Vivere in comunione con Cristo, conformarsi alla volontà di Dio per amare il prossimo senza riserve: tanti gli spunti di meditazione offerti, ieri, da Benedetto XVI ai parroci della sua diocesi di Roma, riuniti in Vaticano per il tradizionale incontro quaresimale. Nella sua lectio divina incentrata sulla Lettera agli Ebrei, il Papa si è soffermato sulle conseguenze pratiche del sacerdozio regale di Cristo per la vita di ogni consacrato. Un evento particolarmente denso, ricco di spunti di riflessione, su cui torniamo oggi con il servizio di Alessandro Gisotti:RealAudioMP3

Per essere realmente un uomo di Dio, il sacerdote “deve conoscere Dio da vicino”, deve vivere in comunione con Cristo. Benedetto XVI ha invitato i sacerdoti ad essere mediatori, a portare l’uomo a Dio, alla redenzione. Ma, è stato il suo richiamo, per far questo bisogna lasciarsi prendere per mano da Dio, entrare nel suo mistero d’amore:

 
“Il nostro essere, la nostra vita, il nostro cuore deve essere fissato in Dio in questo punto dal quale non usciamo e che si realizza, si rafforza giorno per giorno anche con brevi preghiere nelle quali ci ricolleghiamo con Dio e diventiamo più uomini di Dio che vivono nella comunione di Dio e possono così parlare di Dio e guidare a Dio”.

 
Il sacerdote come Cristo, ha detto il Papa, è chiamato ad entrare nella miseria umana, a prendere su di sé le sofferenze delle persone affidate a lui.
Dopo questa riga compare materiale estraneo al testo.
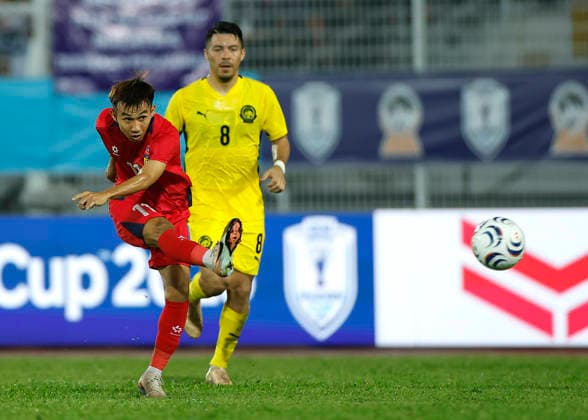 July 28, 2026, Kuala Lumpur, Malaysia: Chony Waenpaserth of Laos (L) and Sergio Fabian Ezequiel Aguero of Malaysia seen in action during the ASEAN Hyundai Cup 2026 match between Malaysia and Laos at Kuala Lumpur Football Stadium, Cheras. Final score; Malaysia 4:0 Laos. ASEAN Hyundai Cup 2026 Malaysia Vs Laos In Kuala Lumpur, Malaysia - 28 Jul 2026  - ZUMAs197 20260728_aaa_s197_320 Copyright: xWongxFokxLoyx
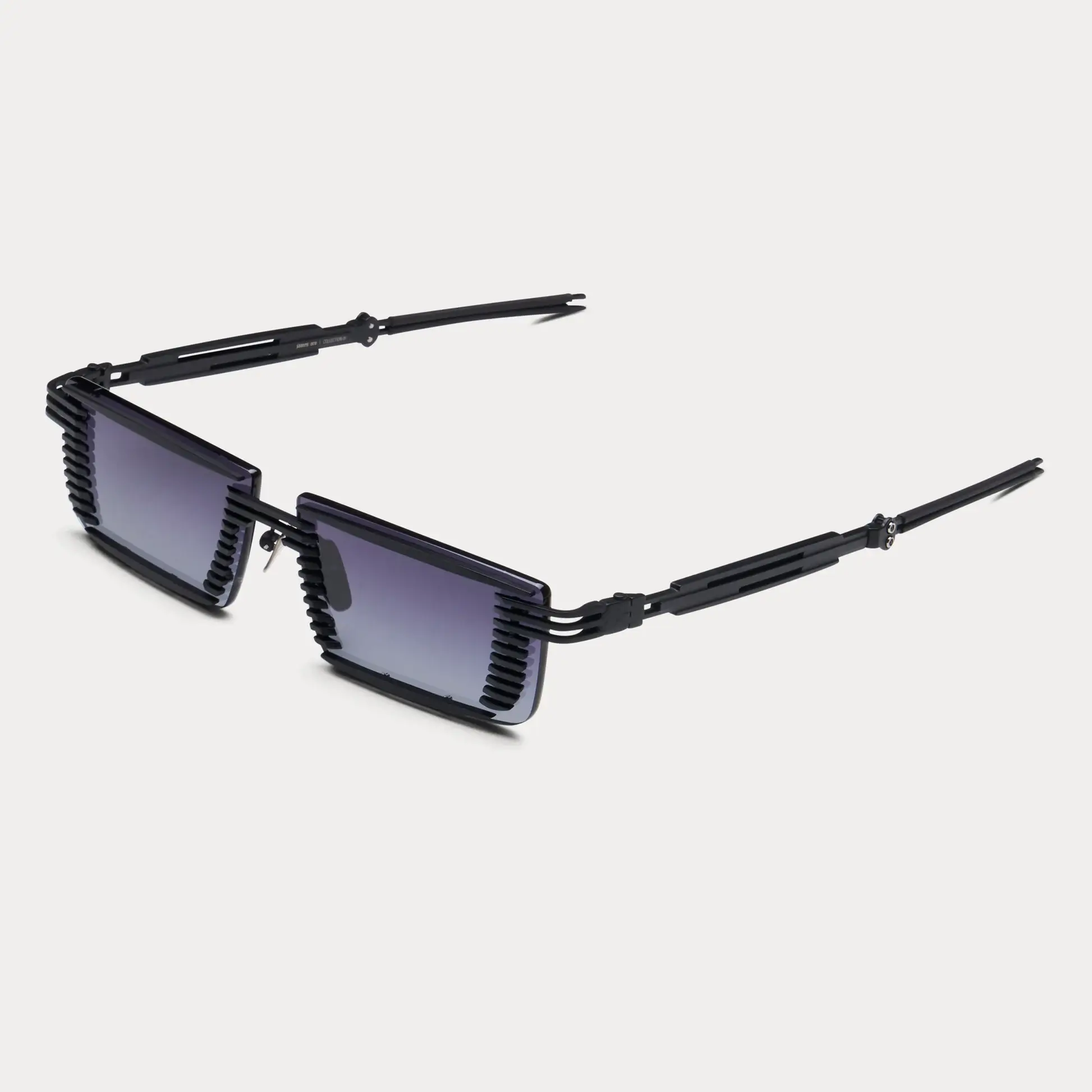 VERTEBRAE_3:4 VIEW_MATTE BLACK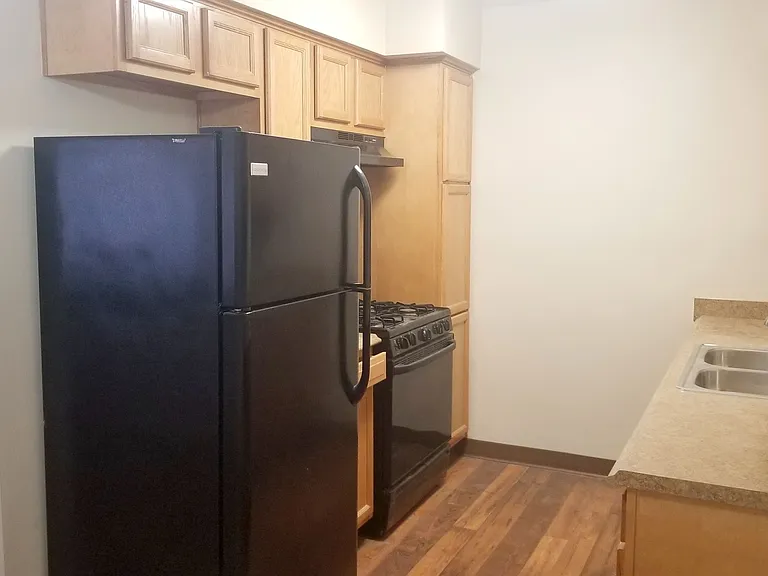 4418 Bond St — Photo 15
E ha rivolto il pensiero al “vero umanesimo” che Cristo ci ha mostrato:

 
“Certo il suo cuore è sempre fissato in Dio e vede sempre Dio, intimamente è sempre in colloquio con Dio, ma porta nello stesso tempo tutto l’essere, tutta la sofferenza umana entra nella passione, parlando, vedendo gli uomini che sono piccoli senza pastore”.

 
Questa sofferenza, ha soggiunto il Papa, la vediamo nelle lacrime di Cristo, nell’angoscia al Getsemani, nel grido sulla Croce. Tutta questa sofferenza, ha detto, non però un qualcosa che è “accanto alla sua grande missione”. In realtà, proprio così Cristo “offre il sacrificio, fa il sacerdote”:

 
“Diciamo giustamente che Gesù non ha offerto a Dio qualcosa, ma ha offerto sé e questo offrire sé si realizza proprio in questa compassione che trasforma in preghiera e in grido al Padre la sofferenza del mondo”.

 
In questo senso, ha proseguito, “tutta la nostra compassione e la sofferenza di questo mondo così lontano da Dio, è atto sacerdotale”, “è offrire”. Quindi, ha messo l’accento sulla conformità con la volontà di Dio. Un’obbedienza che rappresenta “la verità del nostro essere, è la vera libertà”:

 
“Gesù, portando l’uomo, l’essere uomo, in sé e con sé nella conformità di Dio, nella perfetta obbedienza e cioè nella perfetta conformazione tra le due volontà, ci ha redento e la redenzione ha sempre questo processo del portare della volontà umana nella comunione con la volontà divina”.

 
Nella sua lectio, il Papa ha offerto le sue riflessioni anche sulla figura sacerdotale di Melchisedech. Con lui, ha osservato, un pagano entra nell’Antico Testamento. Una “figura misteriosa in cui appare la vera venerazione di Dio”. Anche il paganesimo, dunque, “è in via verso Cristo”:

 
“Questo vuol dire che Cristo è la novità assoluta di Dio e nello stesso tempo è presente in tutta la storia, e attraverso la storia, va incontro a Cristo non solo la storia del popolo eletto che è la vera preparazione voluta da Dio, nella quale si rivela il mistero di Cristo, ma anche dal paganesimo si prepara il mistero di Cristo, vanno le vie verso Cristo e porta in sé tutto”.